ゆっくりとソファーに腰を掛ける。シーズは相変わらず冷たい笑みを湛えている。実に不気味だ。


「どうだ。準備の方は?」


突然、話を振られたために、体が震える。


「いっ、いや、大抵のことは、大丈夫です。ダンスの方も、パルテックさんが見てくれていますので……」


「お前の衣装は準備できているのか?」


「はい……。できています」


必死で喋ろうとしていたにもかかわらず、言葉を途中で切られてしまった。シーズが求める答えを返せていないのだろう。自分のコミュ力不足を痛感してしまう。そんな俺に、シーズはさらに畳みかけて質問を繰り出してくる。


「あれから兄上から何か、連絡はあったか?」


「いえ、ありません。まあ、色々と出かけていたこともありますし、もしかしたら、何か言ってきたかもしれませんが……」


「他の貴族からは?」


「いっ、いえ……あの……ご挨拶には見えられましたが、特段これと言って……」


「ラッツ村のことを聞いてきた者は?」


「えっと……村のことは……どなたも……」


「いなければいい。私のことや宰相様のことを聞いてきた者は?」


「聞かれたことは……なかったと思います……。シーズ様によろしくと……」


「お前の飼っている仔竜のことを聞いてきた者は?」


「えっと……アルマイトさんからは、かなり詳しく聞かれた……」


「貢物を持ってきた者は?」


「えっと……いない、と、思い、ます」


矢継ぎ早に質問を繰り出されてしまって、何だか息が上がってくる。何なんだ、この人は?

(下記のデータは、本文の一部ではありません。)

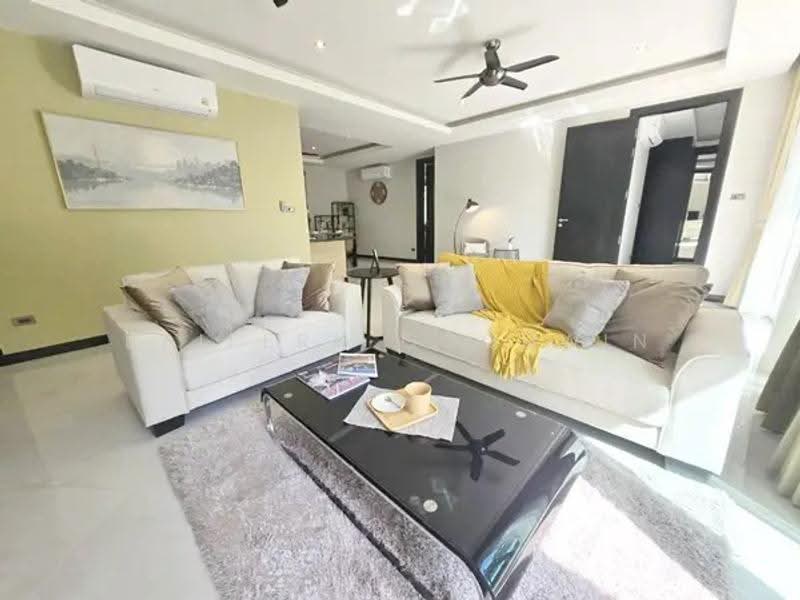 Whispering Palms, Chon Buri (Pattaya), Nong Pru, Bang Lamung (Pattaya), Chon Buri (Pattaya), 4 Bedrooms, 246 sqm, Villa For Sale, by Baifern Goodwin, 500570565 - DDproperty.com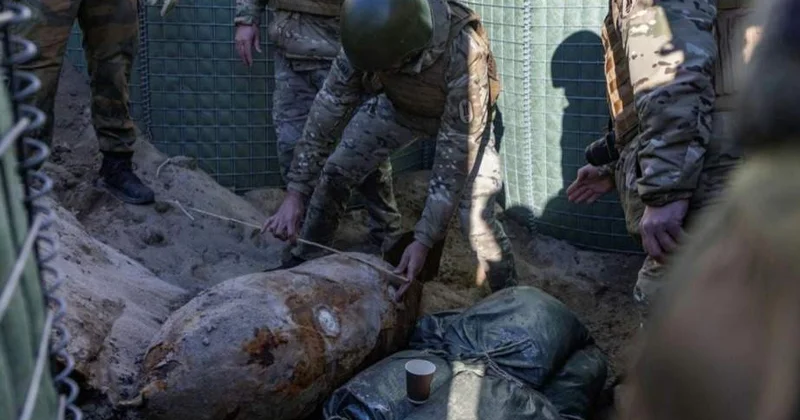 Норвегияда соғыстан қалған оқ дәрілер қылмыскерлердің назарын аударып отыр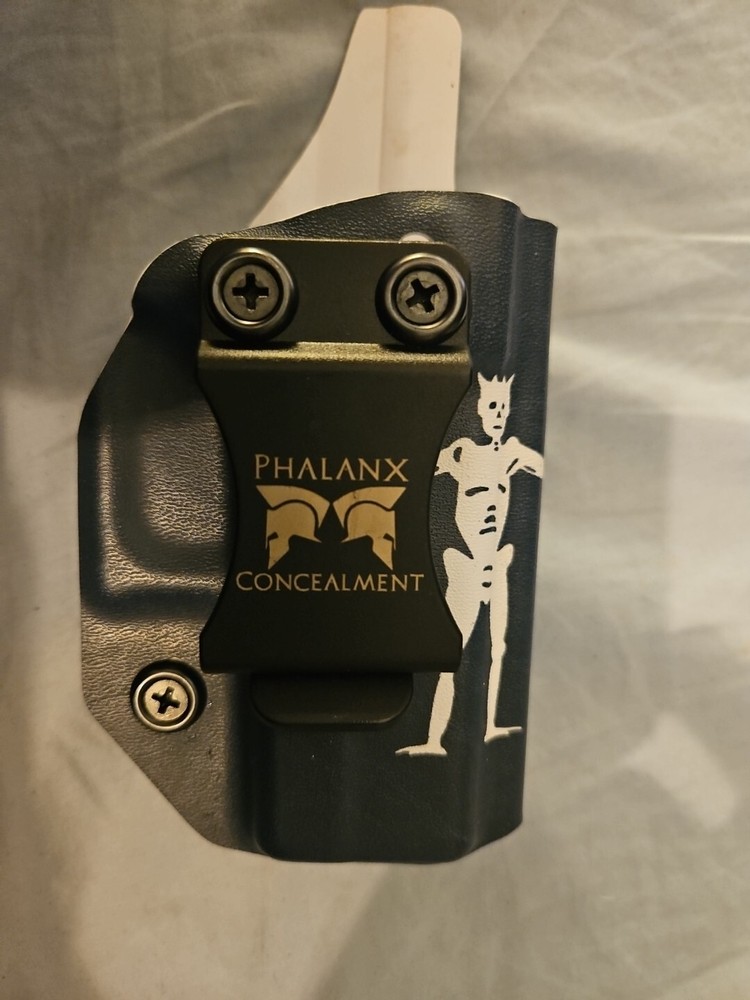 Glock 43 IWB Holster Right Hand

「フフフ。一人くらいお前に取り入ろうとする者がいると思ったのだがな。つまりは皆、様子見ということか。それでいい。その方がいい……」


シーズは満足そうに頷いている。


「ヴァシュロン殿の準備が整い次第、出かけるぞ」


「え?」


「お前も着替えてくるといい」


「あの……着替えるって……」


「お城に行くのだ」


「城って……。待ってください。舞踏会は夕方からじゃ……」


「その前に、色々とあるのだ。早くしろ」


「ちょっと待ってください。せめて、もうしばらくは待ってください」


「どうしたのだ?」


「あの……ヴァッシュは……妻は、朝食をまだ食べていません。今、ブリトーさんに頼んで、サンドイッチを……軽い朝食を作ってもらうように頼んでいるところです。せめて、朝食が終わるまで、待っていただけませんか?」


俺の言葉に、シーズは呆れかえったような表情を浮かべている。


「このような大事なときに、食事の心配とは……。お前はどうしてそう、のんびりとしているのだ」


シーズはさも残念、という表情浮かべたまま、大きなため息をつくと、スッと立ち上がり、弱々しい声で口を開いた。


「すぐに行って着替えてこい」


「あの……サンドイッチ……朝食は……」


「ブリトーに運ばせておく。そのようなものを取る時間があれば、食べるといい」


そう言って彼は応接室を出ていってしまった。シーズと入れ替わるように、ブリトーが入ってくる。


「ノスヤ様のお着換えは、ライムネイル様がすでに持って来ておいでです。どうぞ、寝室の方へ」


「あの……ブリトーさん。サンドイッチを……」


「承知してございます。すぐにお届けに上がります」


彼の笑顔に促されるようにして、俺は立ち上がって寝室に向かった。